Hands-on with Android P on Wear OS: This smartwatch doesn’t need a charger

After officially rebranding Android Wear to Wear OS a few weeks ago, Google has released a developer preview for the Huawei Watch 2 that gives us an early look at some of the improvements Android P will bring to the platform.

The preview system image is available on the Android Developers site, where Google also provides instructions on how to install it through ADB on any Windows, Mac, or Linux computer. The developer preview works on both the standard Watch 2 and the more ritzy Huawei Watch 2 Classic — I’ve been testing it on the latter for a few days now, and making notes of some of the changes made to Wear OS.

The biggest visual change to Wear OS is the dark UI that’s now enabled by default. This isn’t necessarily a new feature — dark mode has been around since Android Wear 2.8 — but having it enabled by default encourages much better power efficiency on watches with AMOLED displays. The Huawei Watch 2 only has to illuminate the pixels for text and icons, leaving out the pitch black background and causing significantly less power drain.

That’s not the only new way that Wear OS conserves power, though. With some exceptions like watch faces, apps can no longer run in the background unless the watch is on its charger. Wireless connections like Bluetooth and WiFi will also automatically turn off when the watch detects that you’re not wearing it. If you have a Huawei Watch 2 with LTE, your cellular radios will be disabled as well.

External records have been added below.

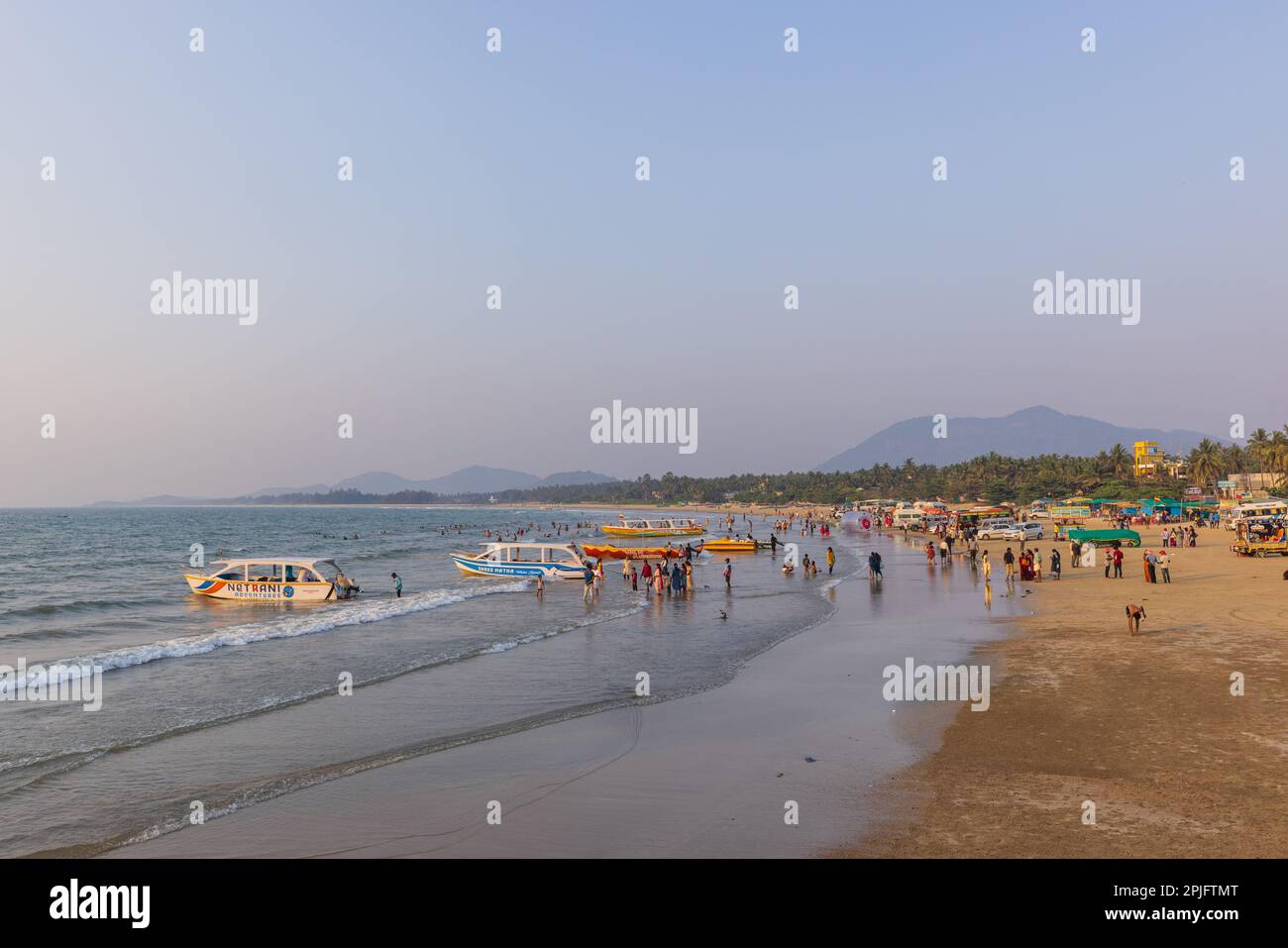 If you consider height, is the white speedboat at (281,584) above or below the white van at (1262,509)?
below

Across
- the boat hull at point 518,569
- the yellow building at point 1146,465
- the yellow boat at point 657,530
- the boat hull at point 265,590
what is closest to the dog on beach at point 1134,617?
the boat hull at point 518,569

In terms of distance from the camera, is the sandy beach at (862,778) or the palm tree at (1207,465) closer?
the sandy beach at (862,778)

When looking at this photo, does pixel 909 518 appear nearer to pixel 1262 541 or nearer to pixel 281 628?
pixel 1262 541

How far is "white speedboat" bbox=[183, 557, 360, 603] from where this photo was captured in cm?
3556

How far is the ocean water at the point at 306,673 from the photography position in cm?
1168

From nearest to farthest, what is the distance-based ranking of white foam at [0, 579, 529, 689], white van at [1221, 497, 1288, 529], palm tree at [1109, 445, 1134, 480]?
white foam at [0, 579, 529, 689]
white van at [1221, 497, 1288, 529]
palm tree at [1109, 445, 1134, 480]

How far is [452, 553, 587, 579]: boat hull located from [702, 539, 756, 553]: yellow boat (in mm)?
22321

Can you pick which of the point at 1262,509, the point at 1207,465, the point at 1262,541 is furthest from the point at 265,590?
the point at 1207,465

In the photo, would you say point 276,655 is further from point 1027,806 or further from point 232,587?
point 1027,806

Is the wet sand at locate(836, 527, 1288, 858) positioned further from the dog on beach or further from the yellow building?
the yellow building

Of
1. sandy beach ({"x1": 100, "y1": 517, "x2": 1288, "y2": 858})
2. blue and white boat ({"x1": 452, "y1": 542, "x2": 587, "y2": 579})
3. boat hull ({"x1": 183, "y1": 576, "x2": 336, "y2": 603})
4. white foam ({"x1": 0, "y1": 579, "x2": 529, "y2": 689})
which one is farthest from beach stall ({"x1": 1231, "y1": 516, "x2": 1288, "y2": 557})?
boat hull ({"x1": 183, "y1": 576, "x2": 336, "y2": 603})

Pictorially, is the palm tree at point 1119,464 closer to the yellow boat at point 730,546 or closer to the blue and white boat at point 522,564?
the yellow boat at point 730,546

WiFi no longer turns on automatically when Bluetooth is disconnected. In the past, this has been a measure to continue seamlessly receiving notifications when you’re not connected to your phone, but moving forward you’ll need to turn on WiFi manually if you want to keep on top of new notifications. This may seem like an annoyance, but it’s a good way to keep your power consumption low when, for example, you’re at the gym and only brought your watch to stream music to your headphones.

Android P doesn’t revitalize Wear OS, but it reminds us that it’s not dead just yet.

In the Wear OS release notes, Google lists a few known issues, but they’re mostly related to filing bug reports. For the most part, the Android P developer preview has been perfectly stable, though one usability issue to bear in mind is that the Watch 2 sometimes has trouble accepting incoming phone calls. If you like to handle most of your calls from your smartwatch, you may want to hold off on the developer preview build for now.

It’s great to see Google finally giving its wearables some attention again, but I fear it may be too little, too late. The Wear OS selection has been dwindling for years, and the Huawei Watch 2 is already over a year old — how much does new software matter without any new hardware to demonstrate it on? Still, even in their diminished state, smartwatches offer a number of conveniences for the right kinds of people, and it’s good to know that Google hasn’t completely given up on the market.